Der Krieg zwischen Israel und dem Iran hat sich in den vergangenen Wochen gefährlich hochgeschaukelt – und auch die USA mit hineingezogen. Für die Finanzmärkte waren die Entwicklungen im Nahen Osten jedoch ein Non-Event. Verschiedene Börsenindizes verzeichnen gar Höchstmarken. Nicht einmal der Ölpreis reagierte gross, als amerikanische Spezialbomben auf die verbunkerten Atomanlagen des Irans fielen. Das lässt sich auf zwei Arten interpretieren. Entweder haben die meisten Marktteilnehmer mit einer Deeskalation und einem Waffenstillstand gerechnet, oder der ökonomische Schaden einer weiteren Eskalation wurde als nicht besonders gross eingestuft.

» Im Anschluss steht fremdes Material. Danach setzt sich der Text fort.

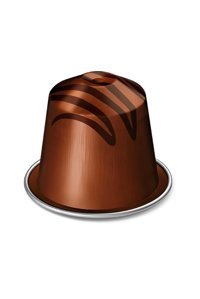Nespresso Cacao Truffle 10'lu Kapsül Kahve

Denn an der Börse zählt nur die eine Frage: Können die Unternehmen in diesem Umfeld weiterhin ihren Geschäften nachgehen und Gewinne machen? Im Iran und in Israel ist dies unter der ständigen Bedrohung durch Raketeneinschläge nur eingeschränkt möglich. Aber die beiden Länder sind wirtschaftlich zu unbedeutend – ihr BIP ist kleiner als das der Schweiz –, als dass sie den Lauf der Weltkonjunktur verändern könnten. Kein internationaler Börsenkonzern kommt in Schwierigkeiten, weil die Nachfrage im Nahen Osten einbricht.
Den grösseren Einfluss hat das Öl. Etwa ein Drittel der globalen Produktion kommt aus der Golfregion. Der Iran selbst hat daran einen geringen Anteil, doch er könnte mit seinen Raketen Anlagen in der Region ausschalten oder die Strasse von Hormus blockieren, durch die rund 20 Prozent der globalen Ölproduktion transportiert wird. Ein solcher Angebotsschock würde den Ölpreis empfindlich in die Höhe treiben, mit Folgen für die Weltwirtschaft. Denn trotz abnehmender Bedeutung ist Erdöl immer noch der wichtigste Energieträger.
Die Mehrkosten schmälern die Gewinnmargen oder werden an die Konsumenten weitergegeben, was die Inflation anheizt. Tatsächlich ist der Ölpreis nach dem Beginn der israelischen Angriffe etwas gestiegen, aber selbst in der Spitze blieb der Brent-Fass-Preis mit 76 Dollar weit unter dem Niveau, das ernsthafte Inflation oder Wachstumssorgen auslösen könnte. Und seit klar ist, dass der Iran vor einer Blockade der Hormus-Enge zurückschreckt, hat sich die Lage am Ölmarkt komplett beruhigt.
Der aktuelle Waffenstillstand ist fragil und der Konflikt noch lange nicht vorbei. Doch für die Finanzmärkte rückt ein anderes Thema in den Vordergrund: Trumps «reziproke» Zölle, die im Juli in Kraft treten müssten, weil ausser mit Grossbritannien noch kein Deal erzielt wurde.
Anders als ein regionaler Krieg haben globale Zölle und gestörte Lieferketten schwere Folgen für die Weltwirtschaft. Im Moment dominiert an den Märkten die Ansicht, dass Trump wieder einmal nachgibt und die Frist verlängert. Bleibt zu hoffen, dass sie auch dieses Mal richtig liegen.